Well, I have been analysing the performance of mutual funds and examining their business model closely for the past seven years. I am now convinced that "investor awareness" or "discovering the various routes which can help them reach out to a larger belt of customers beyond the Tier 1 cities", as the CII session intended to discuss, are useless exercises. Asset management companies will never be able to connect with savers, whether rural or urban, with the current model.
Businesses that appeal to the masses should have certain basic features. Customers must:
- clearly perceive benefits out of what they buy;
- be able to buy the products without hassles;
- actually experience performance that matches the promise; and
- experience the same benefits repeatedly without fail.
Perceived benefits: Funds have created too much complexity for their own good. So investors cannot perceive the benefit of investing in mutual funds. Even the very few that are performing well do not talk about it imaginatively. Net result: most savers don't know or don't believe in the benefits of using mutual funds.

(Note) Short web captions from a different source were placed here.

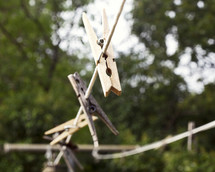 Wooden clothes pins on a laundry line outside.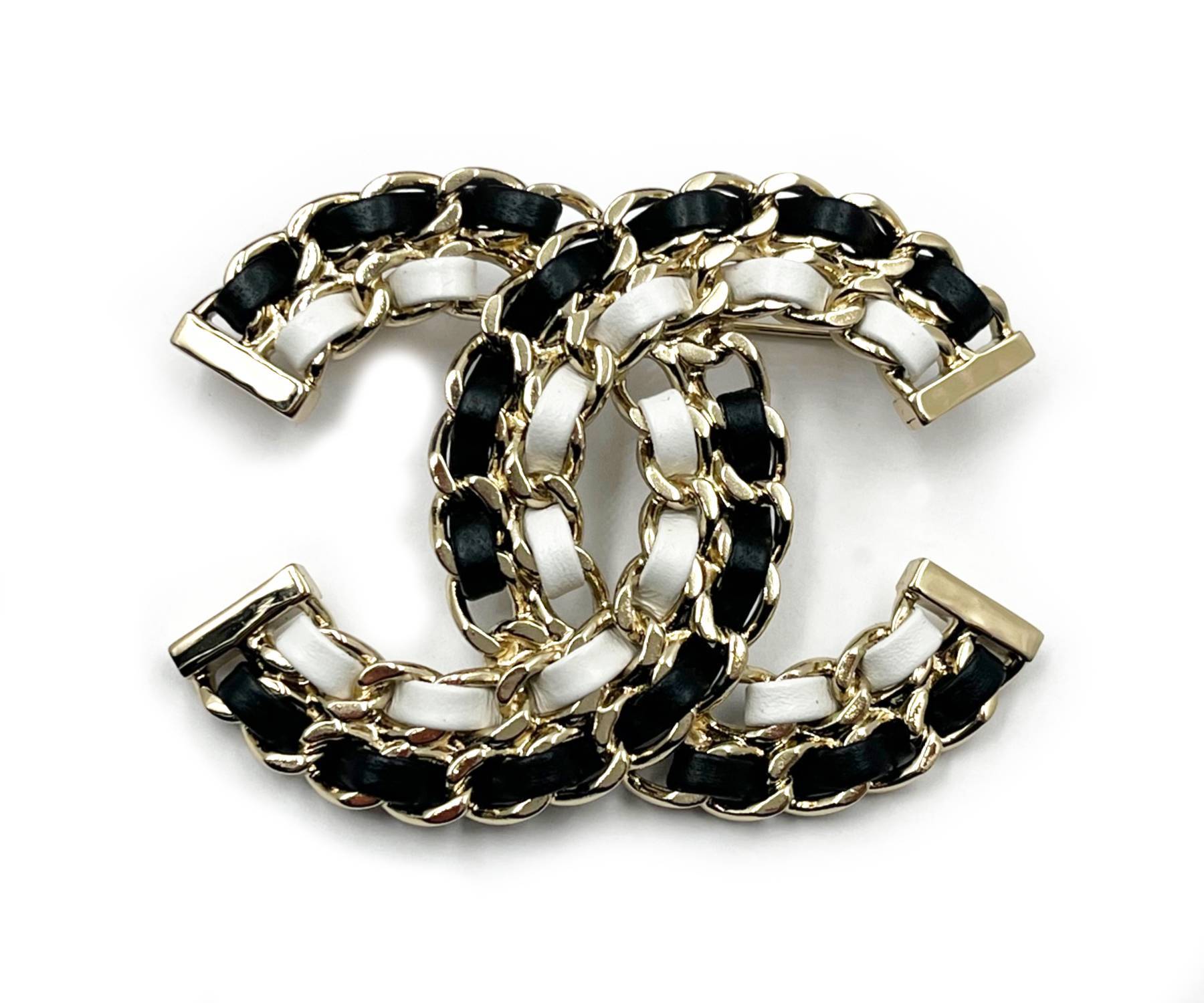 Chanel shop brooch leather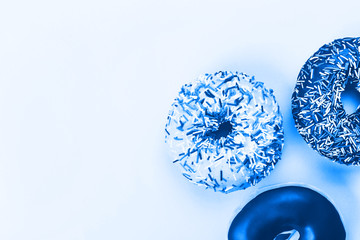Three tasty doughnuts on blue background. Trendy 2020 color concept.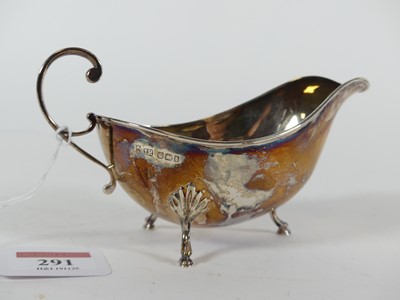 Lot 291 - A late Victorian silver sauceboat of plain...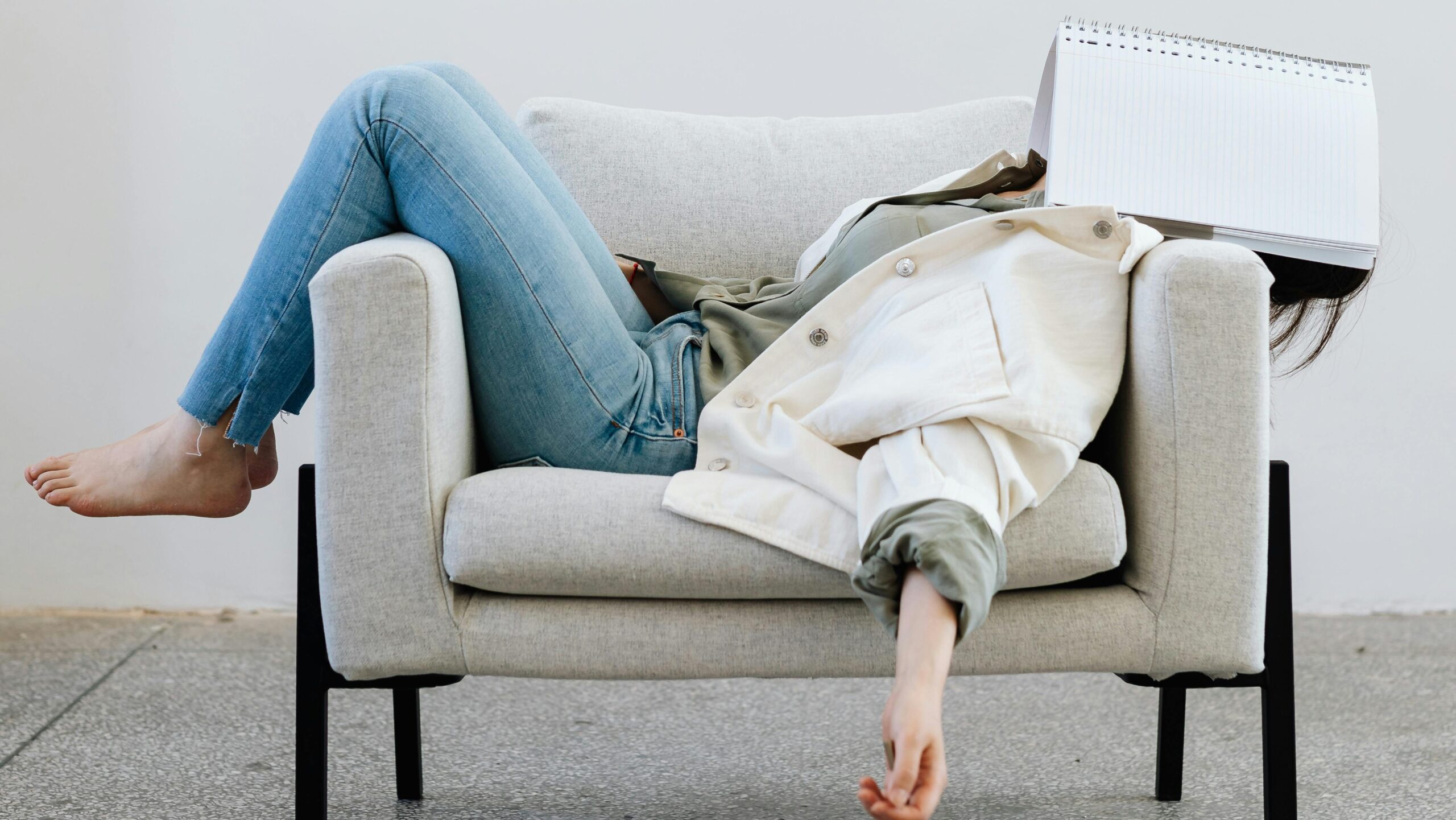 Tired woman in casual attire falls asleep on sofa with a notebook on face and pen in hand.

Hassles: Regulations have made it too difficult to invest in financial products. How many people would buy a bottle of shampoo if they had to take the following decisions: eliminate the ones that may make one go bald; read and follow complex instructions on timing, quantity and technique of application, rinse and wash; and risk the fact that a mistake in any of the above would permanently damage one's hair? If shampoos were so bothersome to use, they would not be a viable consumer product. Mutual funds present the same problems: how to select, how much to invest, when to invest and when to sell are not written on simple, easy-to-apply labels. Savers who are unwilling in learning end up losing money - and then they stay away. Yes, there are "advisors" who are supposed to give the right advice, but, as I pointed out a few months ago, advisors are not doctors.
Promise vs performance: There are innumerable examples in which performance has fallen far short of expectations. This is the seamiest side of fund management, and you don't see any introspection about it.
Consistency: The human mind hates anything that is not linear and consistent. But markets, by their very nature, inflict different experiences and savers cannot deal with it. Mutual funds do make some effort to explain the variability of returns, but they do a half-hearted job. Besides, many fund companies have proven to be untrustworthy. They have frequently pushed the wrong products at the wrong time. So, unlike a good soap, savers' experience with mutual fund investment - barring exceptions - isn't all positive.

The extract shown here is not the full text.